Yesterday, The Atlantic published Ed Yong’s article “Long-Haulers are Redefining COVID-19.” Yesterday also marked five months from the onset of my COVID-19 symptoms. I am one of the so-called “long-haulers,” “people who have been suffering for months—alone, unheard, and pummeled by unrelenting and unpredictable symptoms.”
I do believe that I am on an upward, healing trajectory, and I am grateful for that. But I’m also angry and disheartened and disillusioned about the ongoing response to this virus, the “catastrophic governmental choices that allowed the coronavirus to spread unchecked,” and how, “[t]hroughout the pandemic, systemic failures have been portrayed as personal ones.” I am frustrated and frightened by how little, still, is known about this illness, especially regarding its chronic manifestations. Doctors have shifted from the optimistic (yup, your smell will return in two weeks; you will fully recover in a month; your labs look ok so you are ok) to the cautious (we honestly don’t know the prognosis; we hope you will recover; we want to learn together).
I am glad to be able to assist researchers–in some small way–in learning more about this illness, and I am hopeful that all of this will also shed some light on my own unique manifestation of this illness and help me to heal more fully. I had my appointment at the Mount Sinai Center for Post-COVID Care (referenced in this article) this morning, where I also agreed to participate in yet another research study. I finally have some concrete lifelines to follow up on my chronic COVID issues, and was given referrals to a number of other specialists: cardiologist, rehabilitation/physical therapist, ophthalmologist, ENT, gastroenterologist, rheumatologist, functional medicine doctor, on top of the primary care doctor, infectious disease specialist, allergist/immunologist, neurologist, ENT and gastroenterologist I already see. And yet, all of this takes my time, money, advocacy, strength and persistence and energy that is already in such short supply these days. “A lot of people who don’t have the energy to educate the world are educating the world.”

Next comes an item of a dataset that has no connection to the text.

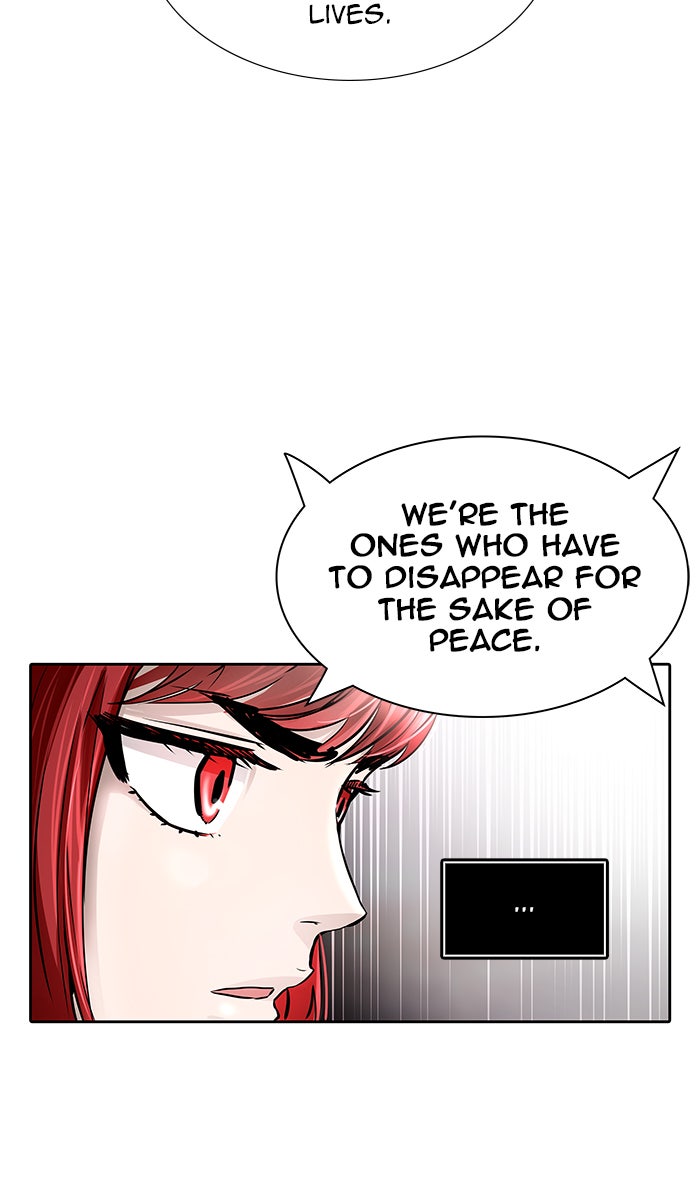 Tower of God Manga Chapter 463 page 54 - [Season 3] Ep. 46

Most people can’t imagine that I am still struggling with this illness after so long, after having what is considered to be a “mild” case. So they send me virtual messages about how glad they are that I am feeling better (because they assume that, after all this time, I must be feeling better). Colleagues and friends and, yes, even doctors exclaim: but you look great, you’re so tan, your hair looks awesome, you’re in such good spirits, you’re so resilient! Even those who I talk to and see regularly–my close friends and family–have a hard time grasping the enormity of the illness, because much of its effects are not visible to others, are intermittent, are below-the-surface. You may catch me on a good day, or a good week, when I am laughing or sitting in the sun or enjoying a beer; when I am in relatively good spirits. You may catch me on a day when I am able to sit through a work meeting or do a Zoom friend catch-up session, go on a walk (or even a hike) with you. You may connect with me when I’m on an upswing, with energy and enthusiasm and hope and productivity. You may see my smile that I put out to the world. But most of you won’t see me on the days I can’t get out of bed, the moments when sitting up on a bench and just breathing feels like too much exertion; the times my arms and legs feel heavy, like lead is coursing through my veins. Most of you won’t see me, months out, doing my smell training twice daily, frustrated with my fluctuating (and sometimes almost non-existent) smell and taste. You won’t witness the headaches and the sore throats and earaches and pink eye and dizziness and chest pain and body aches and bone pain and peripheral neuropathy and gastrointestinal issues and sleep problems and migrating inflammation. Most of you won’t witness my brain fog, when I completely forget what I am talking about or what I am doing, when words and thoughts fly from my head, when I can’t concentrate or think straight or remember, when I accidentally pick up the dish soap instead of olive oil when I am cooking. I may tell you, in moments of vulnerability, about how utterly depleted I feel, but you likely won’t see me in the moments when I feel most tired and powerless and hopeless and lonely and afraid. And even if you do see me, you won’t be able to really get what it means to live like this, on a daily basis.
I’m not saying all this to make anyone feel bad or ignorant (and please keep sending your messages … they are so much appreciated!). I honestly would not believe these things myself if they were not my own, chronic, embodied experiences. I’m saying these things so that people understand that the long-haul is real, that you never know how your body will respond to an illness, that in the blink of an eye your health and life and long-term prospects can change. Please believe that, with COVID-19, “recovery is tentative, variable, and not guaranteed.” Please be as conscientious as you can in keeping yourself and others safe and healthy. And please, offer support and love and kindness and empathy and compassion (or, at the very least, the benefit of the doubt) to those who are not as fortunate to be so. We are still struggling for much longer than you think we are or should be, and in ways that are hard to articulate and understand. We are in this for the long-haul.